Work to be completed
What you return should match the data word for word, minus the images.

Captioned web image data
___

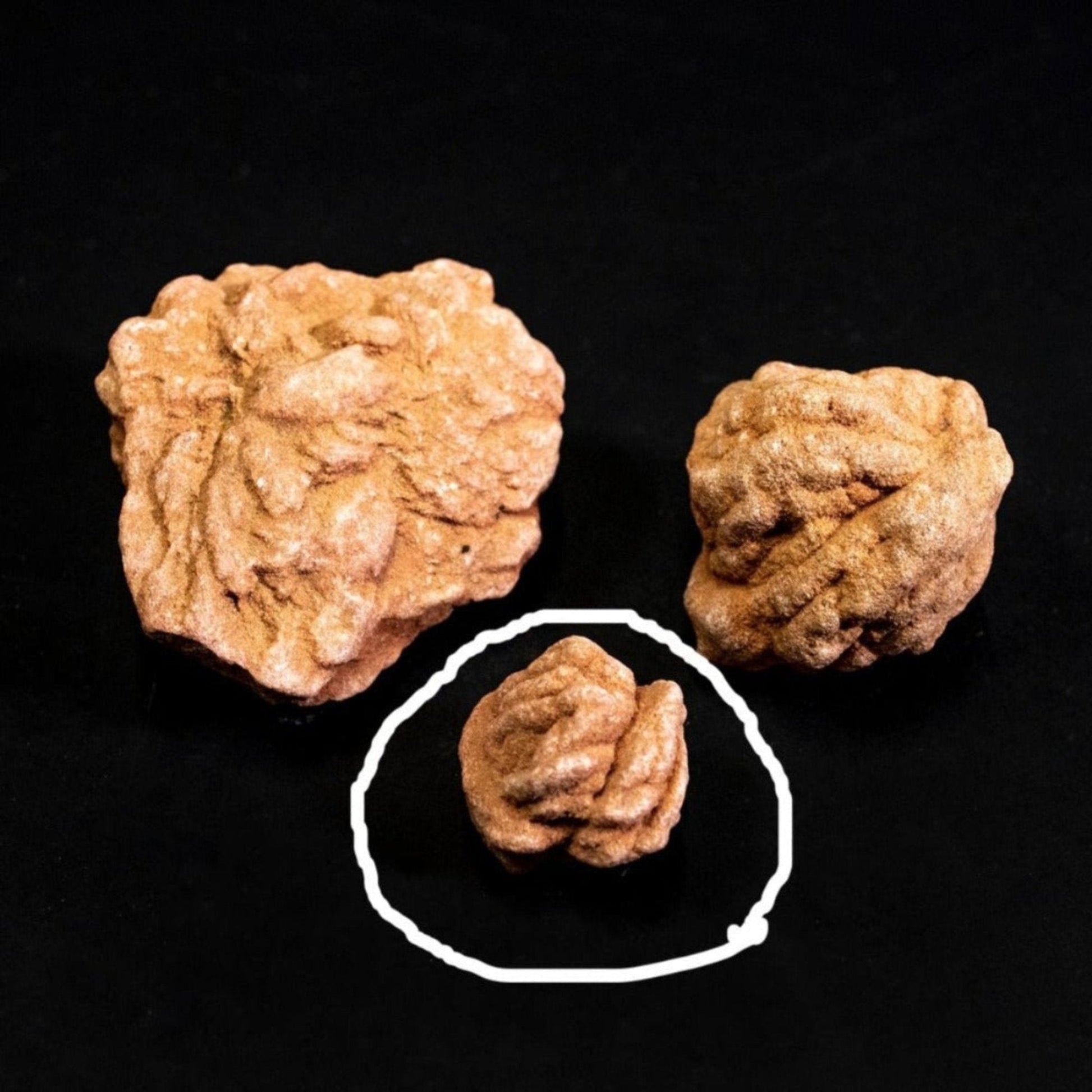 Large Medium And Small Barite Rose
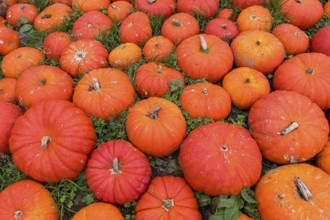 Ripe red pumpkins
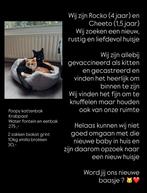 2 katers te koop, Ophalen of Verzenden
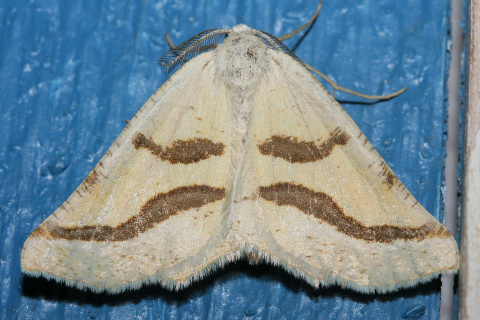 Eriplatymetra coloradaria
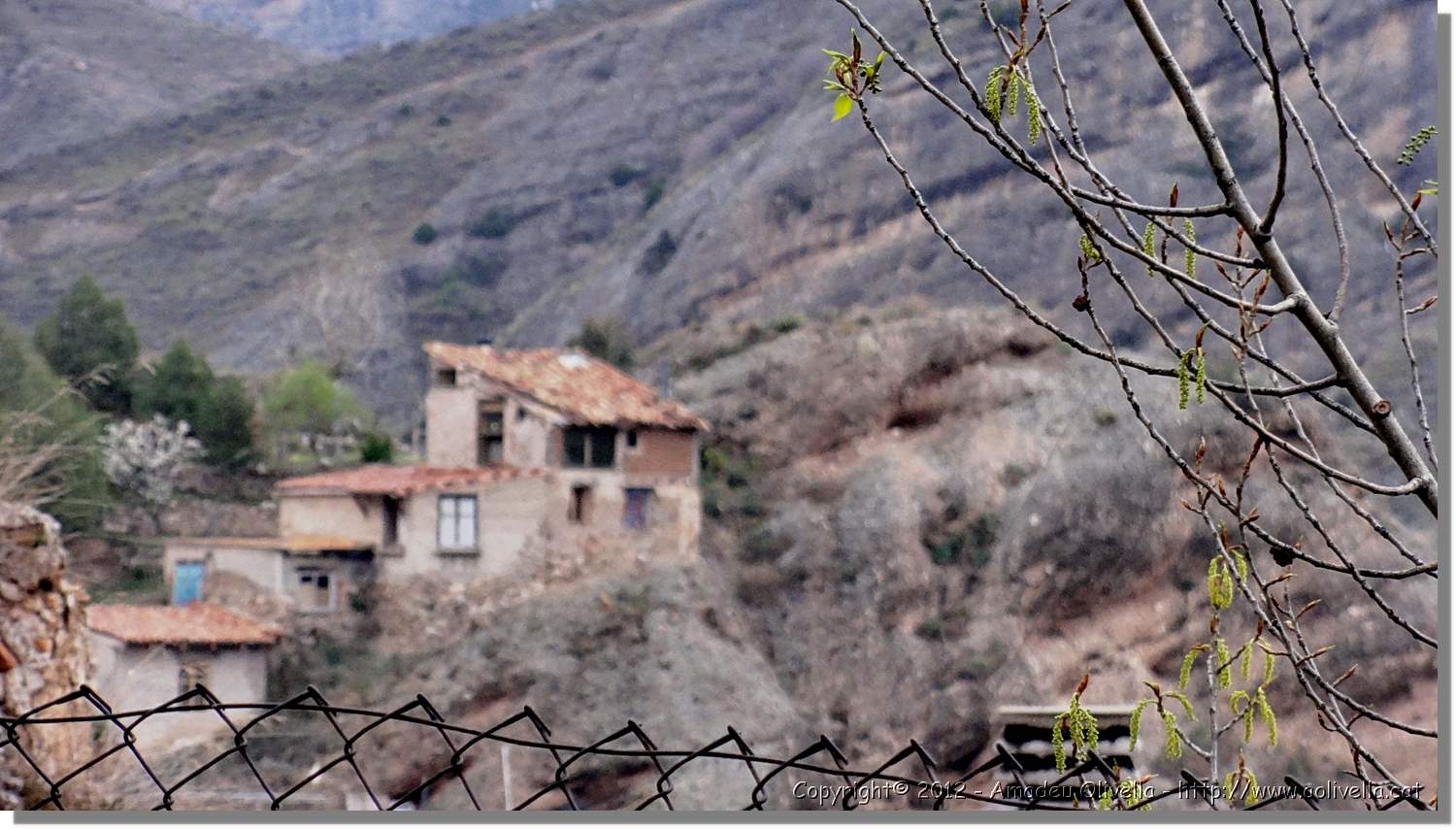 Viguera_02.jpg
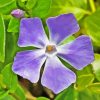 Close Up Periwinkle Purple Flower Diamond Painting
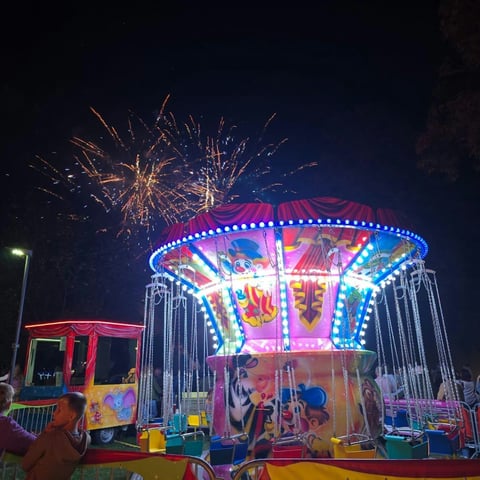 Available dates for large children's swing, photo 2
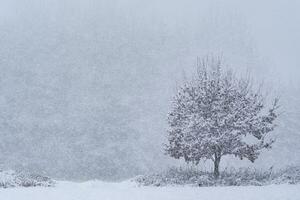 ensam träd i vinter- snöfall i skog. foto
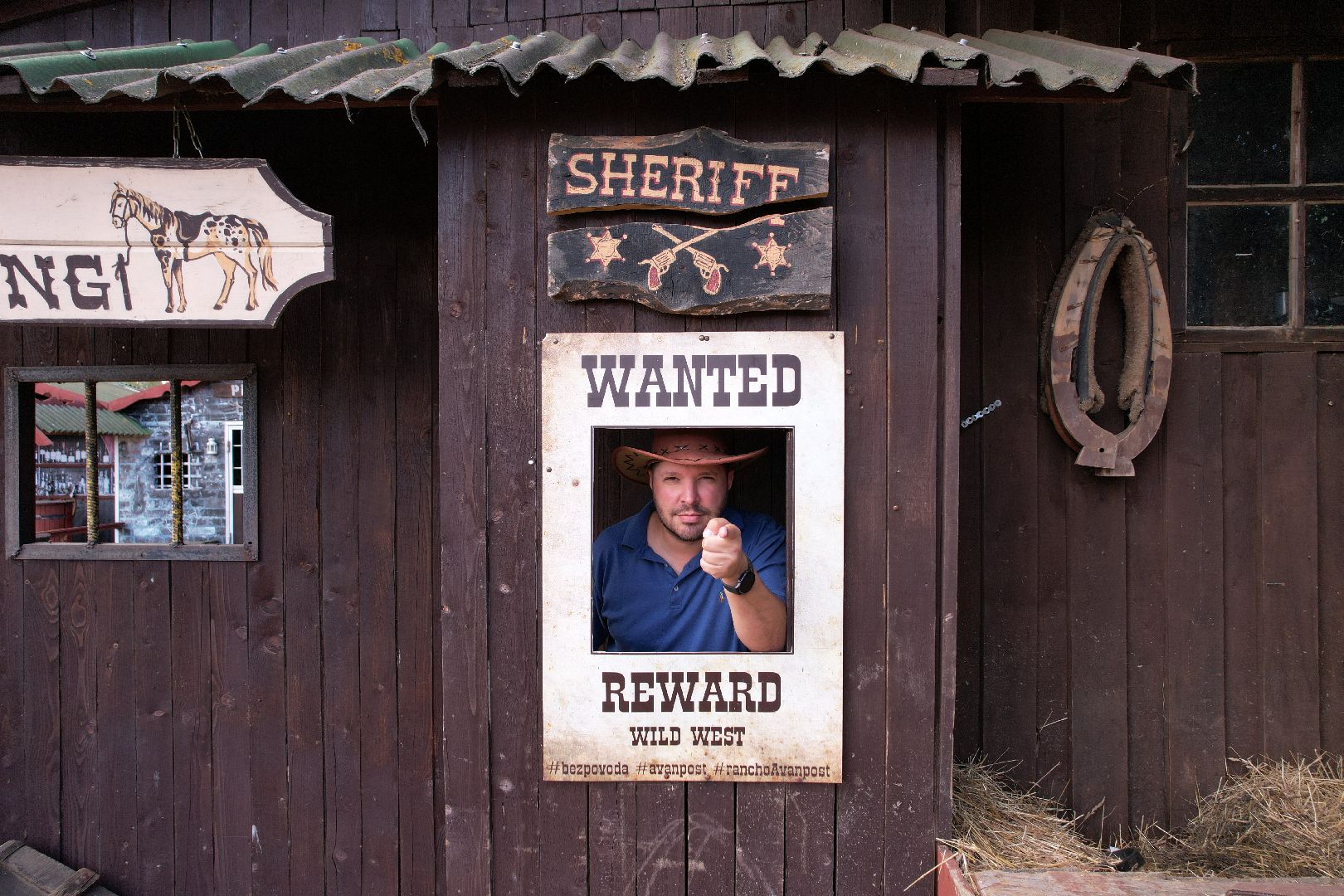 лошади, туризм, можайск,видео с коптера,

___

Task solution
 Large Medium And Small Barite Rose
 Ripe red pumpkins
 2 katers te koop, Ophalen of Verzenden
 Eriplatymetra coloradaria
 Viguera_02.jpg
 Close Up Periwinkle Purple Flower Diamond Painting
 Available dates for large children's swing, photo 2
 ensam träd i vinter- snöfall i skog. foto
 лошади, туризм, можайск,видео с коптера,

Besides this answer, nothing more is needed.